A bill to require a partially elected school board in Baltimore County gained overwhelming approval this week from a Senate committee, and will now go to the full Senate for a vote.
Whether the eight-year effort by a group of county legislators and parents will have enough support to become law is still in question, but Sen. Bobby Zirkin, a Democrat from Pikesville, is more optimistic that it will pass this year.
A hearing for the House bill is scheduled for next week, said Del. John Olszewski Jr., a Dundalk Democrat who chairs the county’s House delegation.
Olszewski supports a fully elected school board and said there is “a lot of momentum behind a change.”
“We’ll see if this is the year this finally gets done,” he said, but added, “there were years past when I could’ve sworn that would be the year that it would happen.”
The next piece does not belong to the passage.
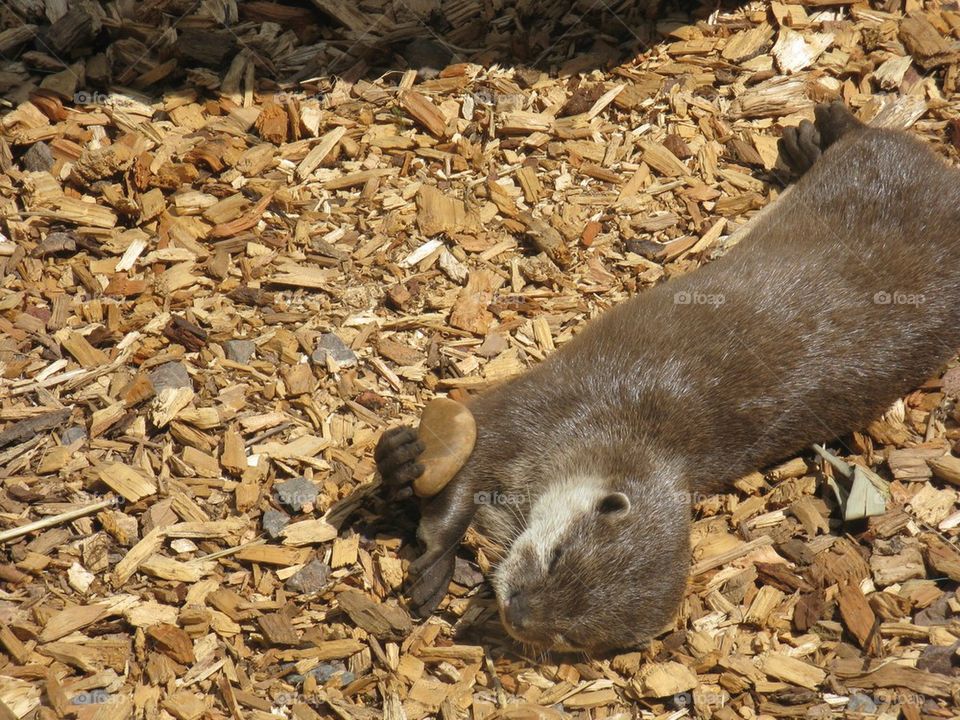 Playful Otter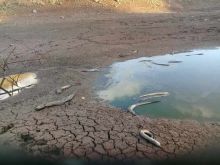 Rodrigues : la sècheresse se fait déjà sentir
County Executive Kevin Kamenetz remains opposed. “There are well-meaning people on both sides of this issue. I happen to believe that Baltimore County has an outstanding school board, and it is a board that has been immune to the political infighting that often characterizes elected boards,” Kamenetz said in a statement.
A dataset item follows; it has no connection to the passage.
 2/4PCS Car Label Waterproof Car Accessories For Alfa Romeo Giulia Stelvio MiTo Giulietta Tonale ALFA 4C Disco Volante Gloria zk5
Kamenetz currently has a significant say in who is appointed to the school board because he recommends names to the governor, who makes the final decision. Zirkin said that gives the county executive too much influence over the school board.
“In general, appointed school boards tend to be less willing to fight against the people who gave them those positions in the first place,” Zirkin said. “We want a school board that is demanding more. We want a school board that is demanding change and demanding more because that is what is good for our children.”
Nearly all school boards in the state have at least some elected members.